We are experimenting with a few, starting with time and space:

Where are items in the collection from, and when were the items created?

Even simple maps and temporal histograms may give a rapid and rough sense of coverage and focus within a collection.

Additionally size and shape, based on simple counts of the number of artifacts accumulating in certain spaces and time periods can aid this sense.

The following mockup illustrates a number of different lightweight summary visualizations that might be generated from collection and item metadata

http://flickr.com/photos/musebrarian/3116736806/sizes/o/

This design is just a thought piece to provoke further brainstorming, discovery of possible features, functionalities, visualizations and interface elements. We do not envisage implementing them all.

We would appreciate any ideas this approach provokes, including:
·         suggestions of other projects doing something similar, either in the context of cultural heritage, or elsewhere (such as e-commerce – Amazon we know provides various mechanisms to support browsing, though not a good sense of “what have you got?” – other than “everything!”)
·         descriptions of how similar low cost qualitative awareness activities are done in *physical* museums, libraries and archives, such as walking the stacks.
·         suggestions of other measures that might have a good cost/impact ratio

Derived and inferred Metadata
Prior work has shown that harvested and aggregated metadata inevitably suffers from various quality problems.  One in particular is missing data in certain fields. We believe it may be possible to derive at least good guesses of certain values by a number of relatively simple inferencing applications.

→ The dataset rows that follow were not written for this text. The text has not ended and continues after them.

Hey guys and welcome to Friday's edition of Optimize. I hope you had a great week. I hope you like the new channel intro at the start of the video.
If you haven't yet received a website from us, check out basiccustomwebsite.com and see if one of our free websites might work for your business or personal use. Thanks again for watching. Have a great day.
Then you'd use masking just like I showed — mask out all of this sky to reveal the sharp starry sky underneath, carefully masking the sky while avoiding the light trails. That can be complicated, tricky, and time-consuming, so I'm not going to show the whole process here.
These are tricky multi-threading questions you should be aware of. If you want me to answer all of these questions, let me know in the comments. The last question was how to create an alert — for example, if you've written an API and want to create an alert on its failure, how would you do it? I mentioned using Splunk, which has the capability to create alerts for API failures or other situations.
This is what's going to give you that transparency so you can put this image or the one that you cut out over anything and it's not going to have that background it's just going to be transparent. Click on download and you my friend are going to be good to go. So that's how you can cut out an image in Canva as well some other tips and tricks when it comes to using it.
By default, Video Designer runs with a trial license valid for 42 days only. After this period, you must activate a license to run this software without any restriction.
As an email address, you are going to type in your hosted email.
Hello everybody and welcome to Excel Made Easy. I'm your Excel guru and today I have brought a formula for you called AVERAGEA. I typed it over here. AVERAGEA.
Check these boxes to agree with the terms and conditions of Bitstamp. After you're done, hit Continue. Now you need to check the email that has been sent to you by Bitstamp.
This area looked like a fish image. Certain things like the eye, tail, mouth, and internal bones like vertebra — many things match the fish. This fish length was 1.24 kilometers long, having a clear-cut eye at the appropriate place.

As before we will prioritize place and time, trying to fill in missing spatial and temporal fields from information from similar, ‘nearby’ items.

Once done, we will have the challenge of considering how to represent this inferred data, so that users realize that these are just good guesses of other things that might be of interest.
Implying definitiveness or greater confidence in accuracy risks leading users to mistrust  the accuracy of the entire dataset.

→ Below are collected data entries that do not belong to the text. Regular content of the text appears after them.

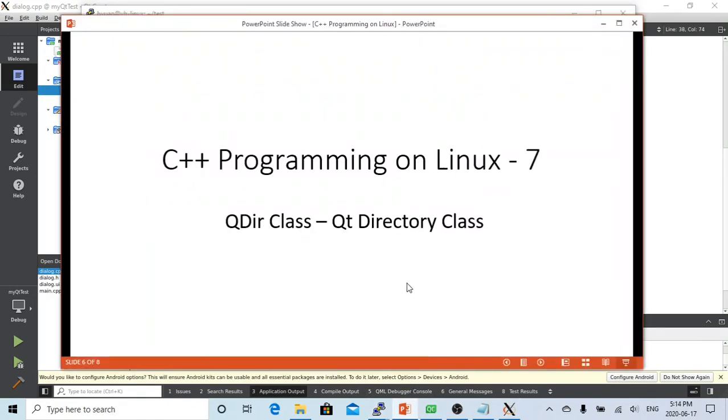Hello, this is Hui. Thanks for watching my video. In today's short video, we discussed the QDir class. Hope you enjoyed it. It would be great to have your feedback.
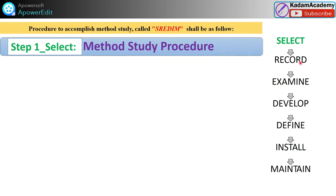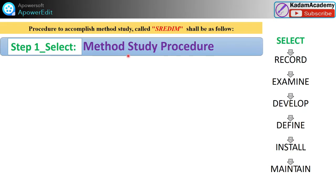In the second part of this video, I am going to show you the various procedures or steps for method study. There are seven steps: first is Select, second is Record, third is Examine, fourth is Develop, fifth is Define, sixth is Install, and last is Maintain.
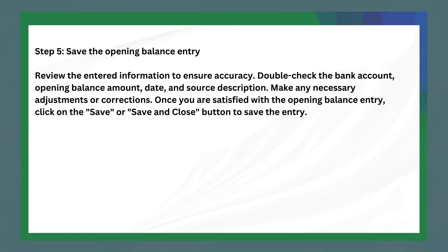The last step is to save the opening balance entry. Review all the information to ensure accuracy — double check the bank account, opening balance amount, date, and source description. Make any necessary adjustments, and once you are satisfied, click the 'Save' or 'Save and Close' button to save the entry.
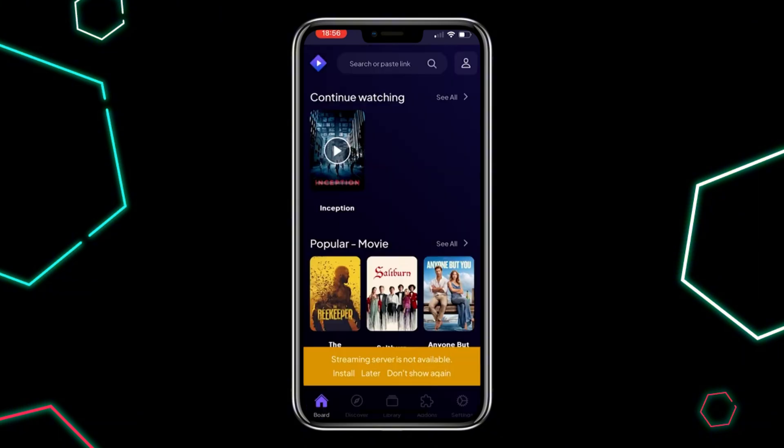Now you can browse through the available categories or use the search bar to find specific movies, shows, or other content you want to watch.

One analogy from prior, pre-computational work in this area is the use of the concept and term ‘circa’ to indicate doubt, but a potentially useful informed guess.

Suggestions of use scenarios to support in functionality and interface
In describing this project, a common initial response is: “Oh, so that will enable scholars to find appropriate illustrations for their work?”. That is certainly one plausible use scenario. But what are others?

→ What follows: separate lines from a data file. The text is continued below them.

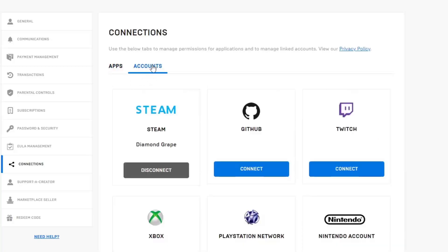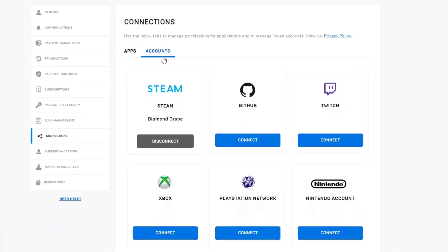You need to go to the second option, Accounts, and here you will see Steam, GitHub, Twitch, Xbox, PlayStation Network, and Nintendo Switch.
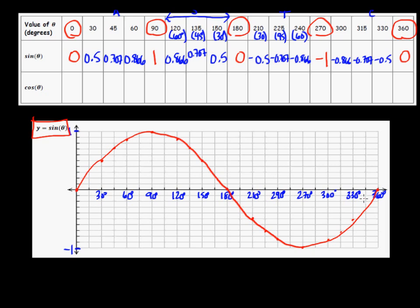If you pause the video now, you can fill in your worksheet for the second row of the table — filling in the values for cosine theta for each of these theta values in degrees and drawing those key points on the graph. Then restart the video and the solutions for the cosine curve will be shown.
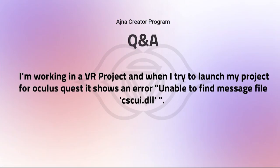You are working on a VR project and when you try to launch the project for Oculus Quest, it shows the error 'unable to find message file' - a DLL file. You can find some documentation from Oculus because I don't think it is related to Unreal Engine.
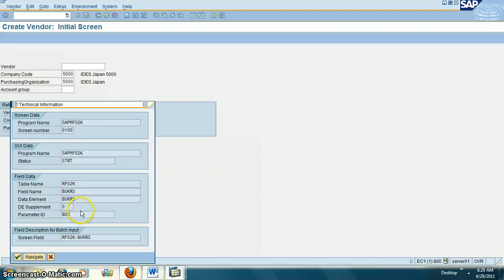Here you see the parameter ID: BUK. Note this down - this is what you need to enter in the parameter ID field.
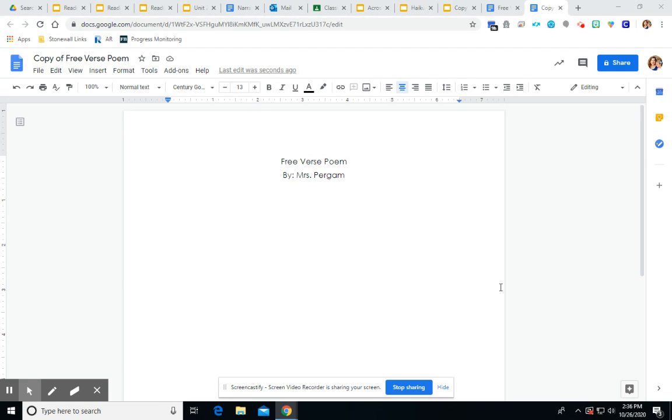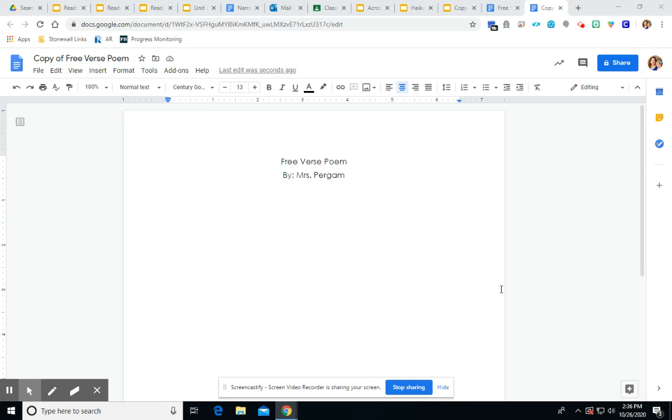So a free verse poem is poetry that has no regular rhythm, no regular meter, no regular rhyme, and no regular structure. So it's kind of up to you what you would like to do with it.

It seems that the items in our collection have a different status and granularity than a book or a research paper accessed from a digital library or repository. If a retrieved item from our system is a digitized textual document, then it contains material that can be read. But what if the retrieved item is a photograph (with accompanying metadata)? What are some ways of ‘reading’ photographs and the like, and what requirements do they create for supporting finding?

We would really appreciate use scenarios from physical library museums and archives that can inform our design of interfaces and functionality to support such use.
These might be browsing and use behaviors in the physical world that it would be desirable to also explicitly use in the digital world, or to have equivalents for.
There might also be problematic behaviors in the physical world that a digital world might explicitly support. For example, thirty years ago, a special collection might have a card catalogue organized by author and by subject, but have lacked the resources for also supporting search by title. Computerization makes adding title search trivial. Whole text scanning makes full text search also possible.
What are desirable but currently unobtainable or expensive browsing options?

Opening History

The IMLS Digital Collections and Content project announces a new portal of digital collections and items: Opening History: U.S. History Resources from Libraries, Museums, and Archives.

Opening History is a registry of digital collections of United States history-related content and a respository of items harvested from these collections.  The related Sowing Culture blog will highlight individual items found within the portal in order to increase awareness of these resources.